- [Data block]:

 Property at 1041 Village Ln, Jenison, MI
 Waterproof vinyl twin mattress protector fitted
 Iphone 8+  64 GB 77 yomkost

- [Assignment]: Copy out exactly the lines from the one containing "Waterproof vinyl twin" through the last line above, keeping both end lines.

- [Exercise result]:
 Waterproof vinyl twin mattress protector fitted
 Iphone 8+  64 GB 77 yomkost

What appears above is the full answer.